Some clients offer a prepared statements feature. Prepared statements are parsed by CrateDB and can then be executed any number of times without having to re-parse.

This functionality is often presented as batch execution. The JDBC client, for instance, provides the addBatch and executeBatch methods.

For example:

PreparedStatement preparedStatement = connection.prepareStatement(
    "INSERT INTO my_table (id, first_name) VALUES (?, ?)");

preparedStatement.setString(1, "Arthur");
preparedStatement.addBatch();

preparedStatement.setString(1, "Trillian");
preparedStatement.addBatch();

preparedStatement.setString(1, "Marvin");
preparedStatement.addBatch();

int[] results = preparedStatement.executeBatch();

In addition to reducing parsing overhead, prepared statement execution requests use the binary protocol, contain almost no headers, and are executed over an already established connection.

Typically, prepared statements are used single insert statements.

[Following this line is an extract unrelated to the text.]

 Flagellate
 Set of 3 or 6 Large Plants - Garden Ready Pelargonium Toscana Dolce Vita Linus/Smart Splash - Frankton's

Prepared statements with single inserts will usually perform better than standard querying with single inserts, and should be comparable to standard querying with both the UNNEST method and multiple value expressions.

Testing

Follow the basic inserts performance testing procedure.

To test bulk operations, you should:

  1. Configure the setup you would like to test

  2. Run a number of different tests against that setup, using different --bulk-size settings

  3. Evaluate your throughput results (perhaps by plotting your results on a graph so that you can see the response curve)

Try out different setups and re-run the test.

Please note that INSERT INTO statements using a query, and the COPY FROM statement, are using overload protection to ensure performance of other queries in parallel. Refer to the Overload Protection documentation on how to modify these parameters.

At the end of this process, you will have a better understanding of the throughput of your cluster with different setups and under different loads.